As both Yang and Kuciara are well versed with the ins and outs of the animation production process, the lack of quality content in Web3 and their expertise in the field are surely driving factors behind the project. And as Shibuya grows, Yang says she’s more than happy to stake her reputation on the platform’s ability to become a trusted source of decentralized entertainment.
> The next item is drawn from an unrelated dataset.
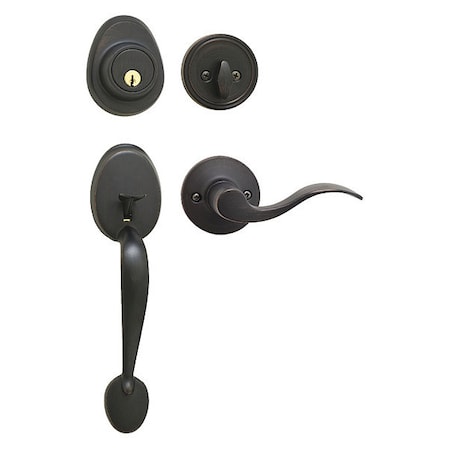 Lever Lockset, Aged Bronze, Wave Style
Coping with the ups and downs of being an NFT hotshot
When Yang isn’t focused on building the future of decentralized storytelling though, she can often be found traveling, be it for NFT and Web3 events, collaborative opportunities, or simply for pleasure. Her nomadic and energetic nature helps highlight the humanity shared by all within the NFT space, regardless of status or prestige.
The pace of the NFT space can often feel too rapid to keep up with, prompting many to attempt to be plugged in 24/7. But Yang says she believes there’s still value in patience and learning things over time. This belief has undoubtedly helped her navigate the astounding nature of her own rise to prominence.
“A lot of us forget about this notion of delayed gratification… I think by attending high-profile events, you realize how small we actually are,” said Yang. “Web3 can open up a lot of possibilities, but a lot of people don’t realize that, in the grand scheme of the world, there’s still a giant mountain to climb, and our little hill of crypto and NFTs is quite small.”
Considering the strain that the blockchain industry can place on one’s mental health, tips and tricks from a success story like Yang could prove invaluable to those looking to “make it” in the NFT space. Although a one-size-fits-all solution doesn’t exist for those seeking NFT stardom, Yang emphasized the significance of tempering the drive to become the king of your small hill, since the “element of remaining humble is important to allow yourself to climb even more.”